- INSTRUCTIONS TO FOLLOW: From the entries below, retype only the lines from the one with "9PCS 7# 10#" through the one with "Jaeger LeCoultre Master", exactly as written.

- DATA FOR PROCESSING:
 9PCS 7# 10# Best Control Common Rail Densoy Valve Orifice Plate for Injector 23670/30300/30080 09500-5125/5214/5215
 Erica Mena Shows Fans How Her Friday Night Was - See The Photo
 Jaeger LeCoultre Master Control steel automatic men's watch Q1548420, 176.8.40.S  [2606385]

--

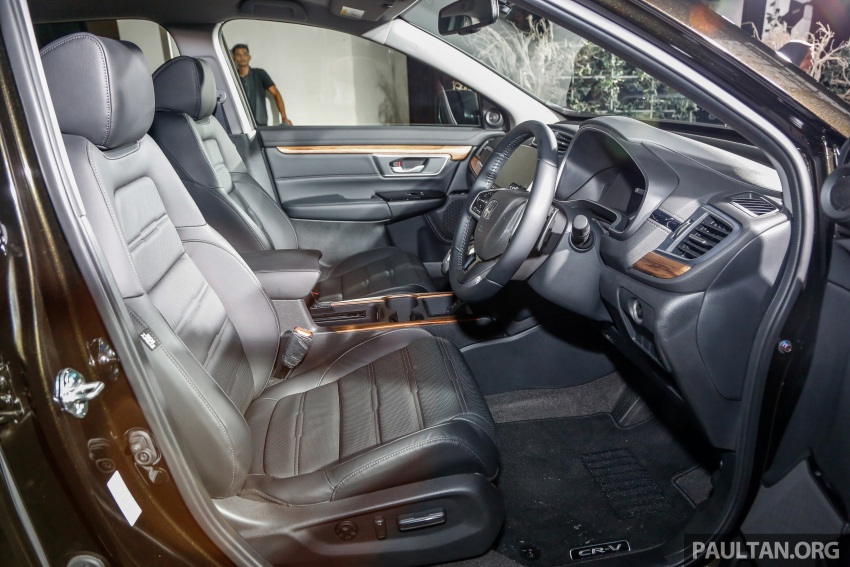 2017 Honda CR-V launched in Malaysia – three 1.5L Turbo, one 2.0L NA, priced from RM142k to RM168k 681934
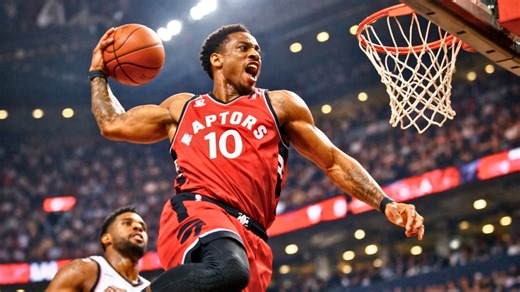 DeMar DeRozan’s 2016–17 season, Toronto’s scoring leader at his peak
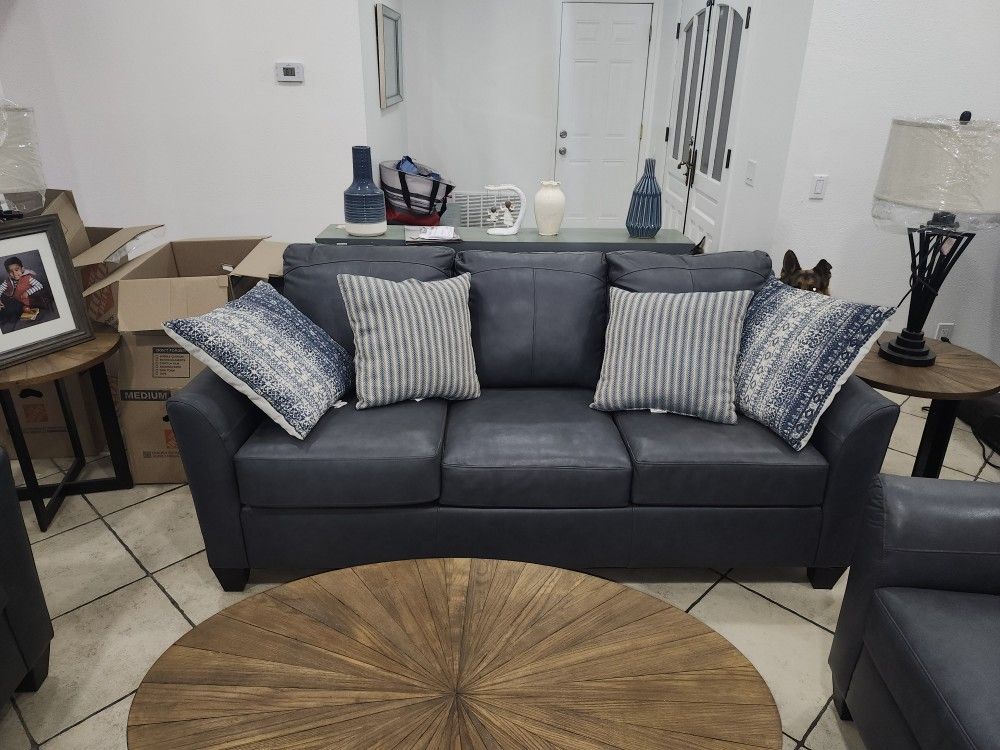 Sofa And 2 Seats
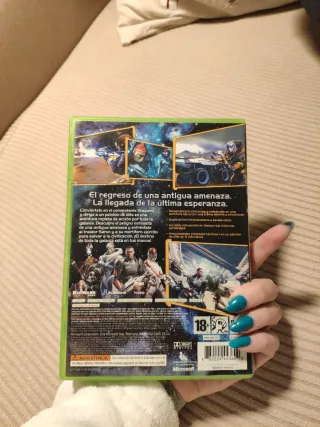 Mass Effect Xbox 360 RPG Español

- EXPECTED ANSWER:
 9PCS 7# 10# Best Control Common Rail Densoy Valve Orifice Plate for Injector 23670/30300/30080 09500-5125/5214/5215
 Erica Mena Shows Fans How Her Friday Night Was - See The Photo
 Jaeger LeCoultre Master Control steel automatic men's watch Q1548420, 176.8.40.S  [2606385]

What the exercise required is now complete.